From Evolution News:

https://evolutionnews.org/2021/06/cilium-and-intraflagellar-transport-more-irreducibly-...

"Consider first how many players are needed to build a cilium. Pigino’s parts list begins with microtubules in a 9+2 arrangement going up the cilium from base to tip. The two center microtubules are singlets; the outer ring of 9 are in doublet pairs. Riding on those rails are two engines: kinesin-2, which travels from base to tip (anterograde), and dynein-2, which goes from tip back to the base. Kinesin-2 has a head, stalk, hinge and two “feet” (called heads) that walk on the microtubule while carrying a load; the engine contains six protein subunits. Dynein-2 also has a motor, stalk, linker and tail, and is powered by two AAA+ domains that spend ATP for power. Those are the two engine types, and they work in teams along the microtubules.

"IFT proteins are numbered, such as IFT8 and IFT176. IFT complexes, such as IFT-A, is composed of six IFT proteins. IFT-B, with 16 IFT proteins is another complex. These ride along the trains to the tip, acting as adaptors for the cargo, which include tubulin proteins, dynein parts, membrane proteins and other IFT proteins.

"At the base, a basal body structure called the BBSome forms out of eight BB proteins. It functions as the cargo adaptor for the anterograde train. It authenticates other molecules trying to enter the cilium and moves cargo exiting the retrograde train.

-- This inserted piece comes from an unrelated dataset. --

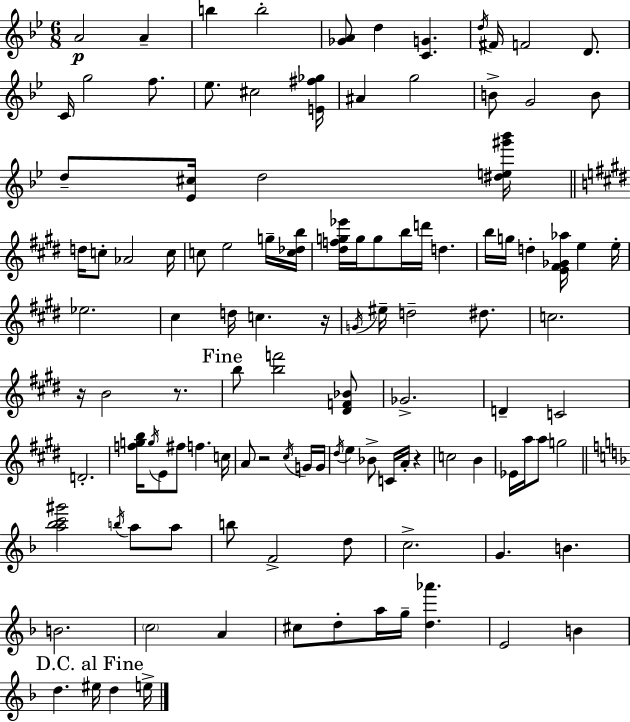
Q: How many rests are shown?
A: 5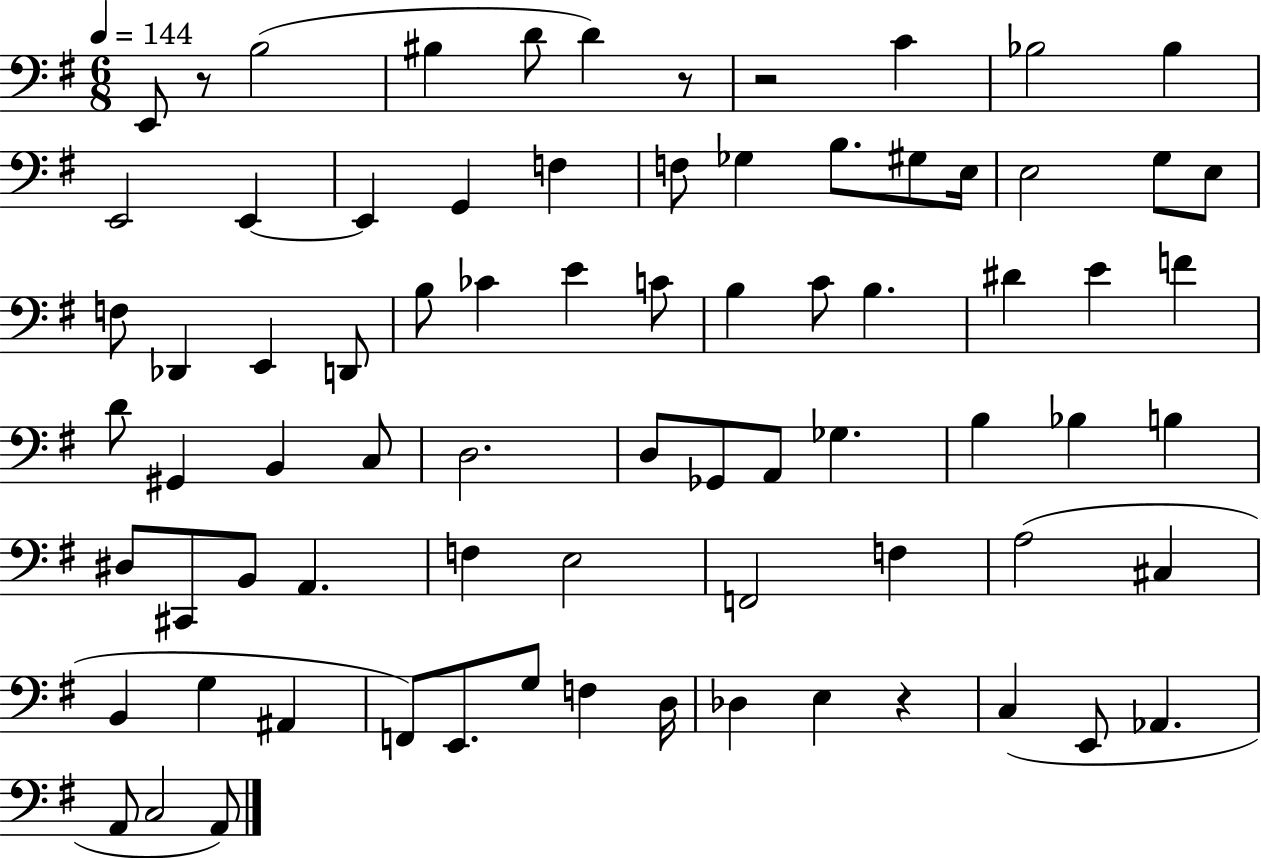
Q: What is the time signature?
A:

Overall, “About 24 different proteins constitute the theoretical minimal functional unit of IFT,” Pigino says, although much needs to be learned.

***

"A precise sequence of amino acids is required for each protein’s function, and the longer the protein, the more improbable that chance could get it right. IFT proteins are large. For instance, BBS1 in the BBSome has 593 amino acid residues; IFT172 (part of the IFT-B complex) has 1,749. The improbability is exacerbated when proteins have to work together. It’s not necessary to belabor the point again, but it’s instructive that Pigino never mentions evolution in her article.

"Moving cargo up and down the cilium takes place in five steps. First, the train assembles at the base. Kinesins line up along a microtubule doublet, their “heads” touching the tracks. Parts of dynein (the return engine) are loaded so as not to touch the tracks, avoiding a “tug-of-war” between the engines. Membrane parts and other cargoes are loaded with the help of IFT-A and IFT-B. Like a well-organized monorail car, the completed train “walks” up the track aided by multiple kinesin-2 engines powered by ATP.

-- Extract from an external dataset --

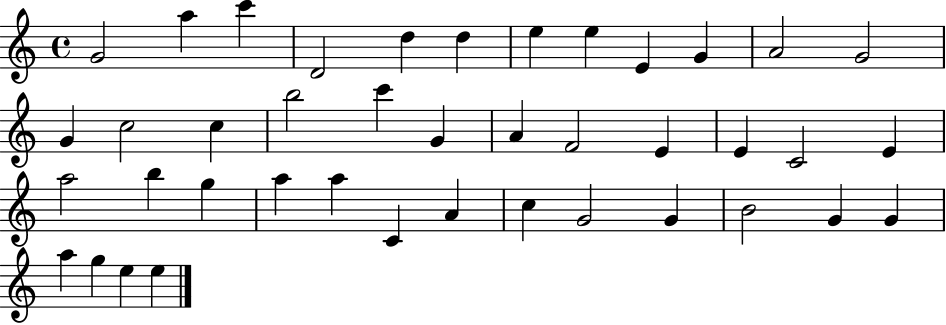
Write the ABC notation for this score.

"At the tip, the third phase begins. Cargo is unloaded and ferried to the growing cilium (microtubules and membrane). Concurrently, the dynein engines are assembled in an “open configuration as an intermediate state to ensure a controlled activation.” The kinesins are disassembled for transport back to the base. The fourth stage activates the dyneins and starts the train moving, carrying both IFT complexes and waste products to the base. The fifth and final stage unloads the cargo, disassembles the retrograde train and recycles the parts. If you conceive of railcars in a narrow mine shaft carrying tools needed by miners at the far end, and returning the carts with waste products, the analogy seems apt — only the cell’s actions are all automated."

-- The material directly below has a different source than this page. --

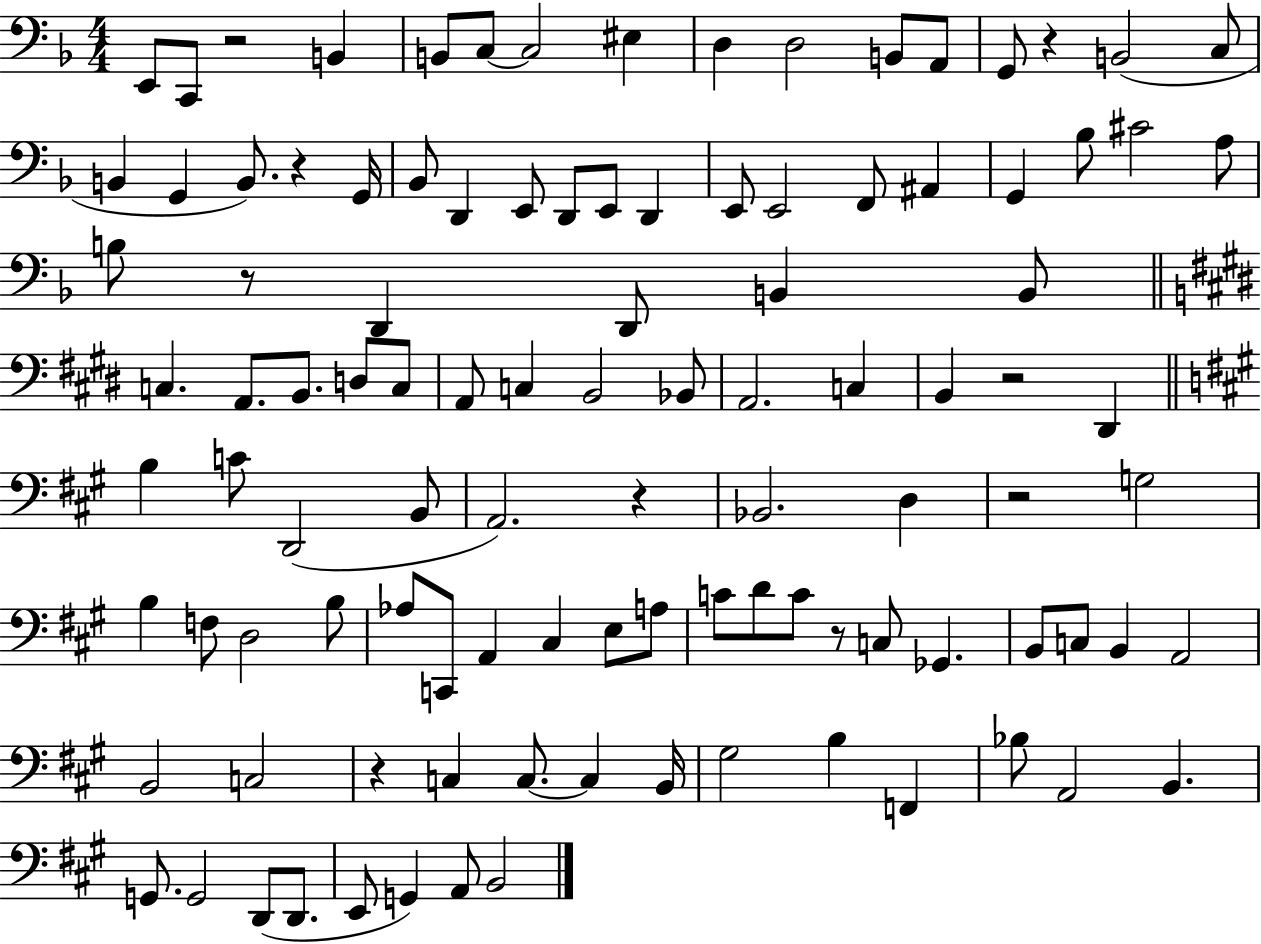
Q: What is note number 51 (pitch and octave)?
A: B3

Comment: the study of the bacterial flagellum all over again evolved into helpful celia/hairs that are vital to health. Pure irreducible complexity requiring a designer.

Bacterial motors carefully studied

by David Turell @, Tuesday, August 09, 2022, 22:47 (619 days ago) @ David Turell

Cell control by Kinesin-8 which motors molecules around the cell and controls it shape and
length of microtubules:

https://phys.org/news/2022-08-motor-proteins-cells.html

"With the help of the Canadian Light Source (CLS) at the University of Saskatchewan, a research team led by John Allingham from Queen's University and Hernando Sosa from the Albert Einstein College of Medicine has shed light on a protein that regulates the intricate microscopic networks that give cells their shape and helps ship important molecules to diverse locations.

***

"n their published work, they are the first group to clearly describe the mechanism of action of a tiny motor protein called Kinesin-8 that enables it to control the structures of microtubule fiber networks inside the cell.

"Our recent paper in Nature Communications, co-first authored by Byron Hunter and Matthieu Benoit, shows how this specific type of kinesin motor protein has developed the ability to use microtubules as tracks for movement, guiding transport of cargo within the cell," said Dr. John Allingham, a professor at the Queen's School of Medicine, "in addition to being able to disassemble these tracks, controlling their length and location in cells."

"The Kinesin-8 proteins ensure that a cell's cargo is in the right place during cellular division and help to regulate cellular networks, making sure the microtubules do not grow too long."

Comment: this precision in delivery control of cellular protein products can only result from a carefully designed controlled process. Compare it to Amazon Prime receiving a Monday order and delivering it precisely on Tuesday.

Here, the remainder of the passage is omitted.